Task requirements: Your job with the data below: print everything from the line that holds "Șnur satinat, ø2 mm - Maro bronz (25 Metri) Șnur" down to the line that holds "- Ảnh 1. TP.", ends included, exactly, and nothing else.

Excerpted records:
=== Section Start ===

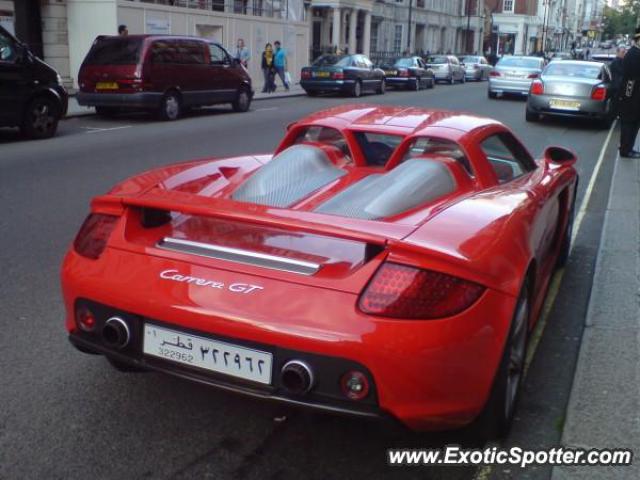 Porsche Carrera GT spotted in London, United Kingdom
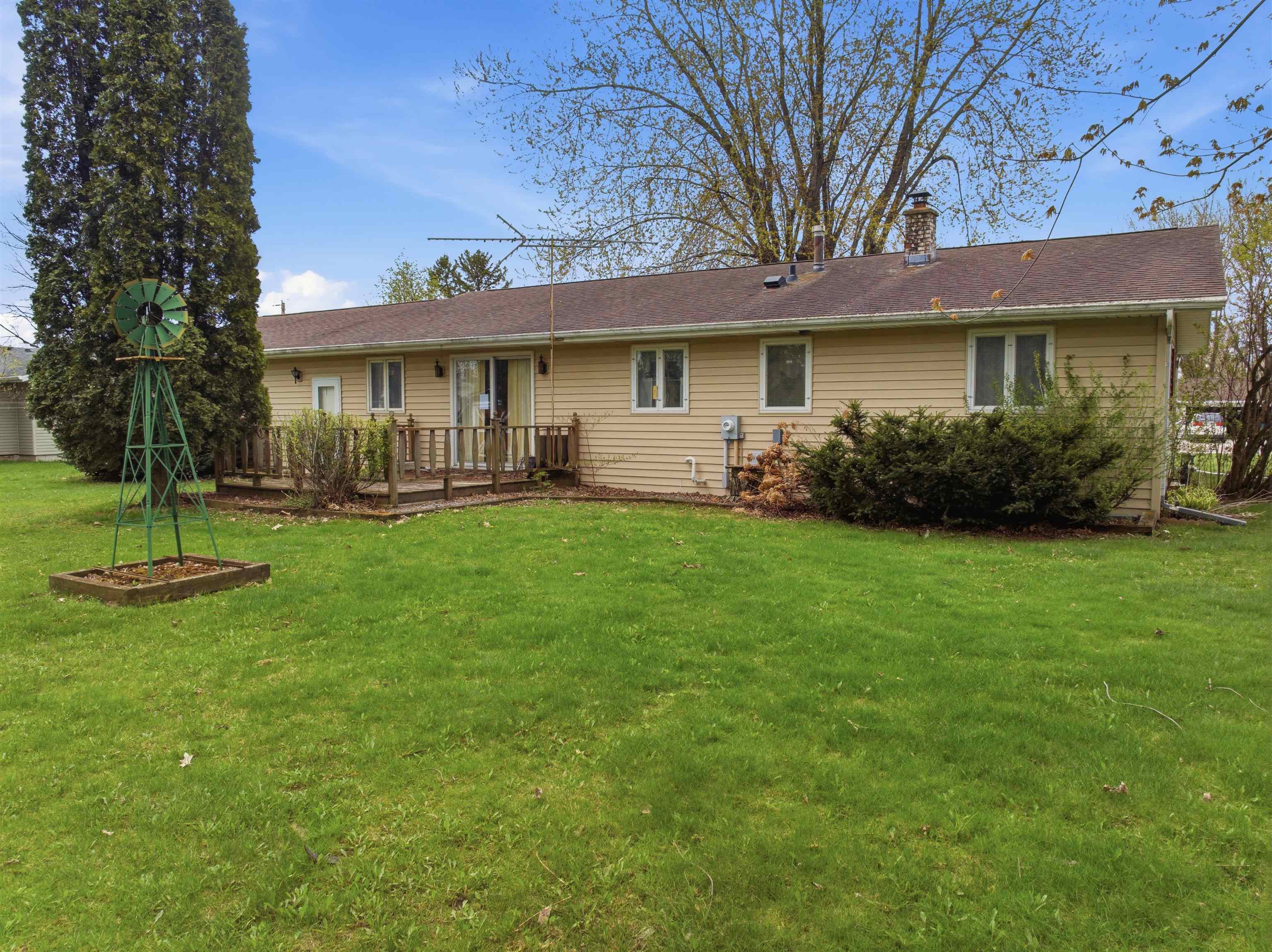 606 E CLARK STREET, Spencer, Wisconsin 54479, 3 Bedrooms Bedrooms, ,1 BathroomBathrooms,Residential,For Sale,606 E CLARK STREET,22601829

=== Section End ===
=== Section Start ===

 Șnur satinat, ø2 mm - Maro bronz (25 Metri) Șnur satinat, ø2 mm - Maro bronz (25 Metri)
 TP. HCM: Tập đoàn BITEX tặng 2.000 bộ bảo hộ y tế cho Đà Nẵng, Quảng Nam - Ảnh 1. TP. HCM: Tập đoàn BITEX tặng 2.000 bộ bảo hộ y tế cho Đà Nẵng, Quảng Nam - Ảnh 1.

=== Section End ===
=== Section Start ===

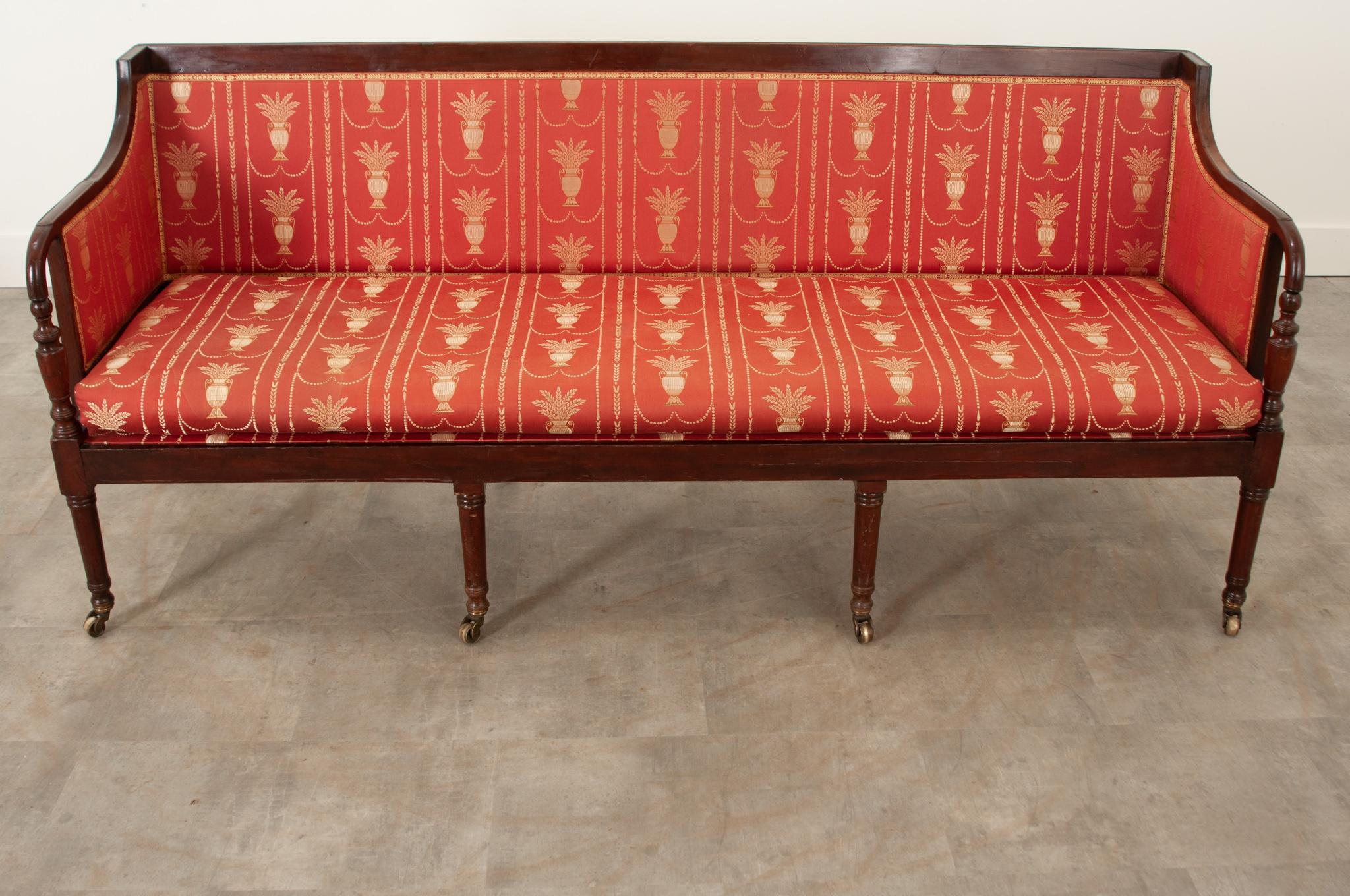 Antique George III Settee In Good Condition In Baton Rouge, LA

=== Section End ===

Output:
 Șnur satinat, ø2 mm - Maro bronz (25 Metri) Șnur satinat, ø2 mm - Maro bronz (25 Metri)
 TP. HCM: Tập đoàn BITEX tặng 2.000 bộ bảo hộ y tế cho Đà Nẵng, Quảng Nam - Ảnh 1. TP. HCM: Tập đoàn BITEX tặng 2.000 bộ bảo hộ y tế cho Đà Nẵng, Quảng Nam - Ảnh 1.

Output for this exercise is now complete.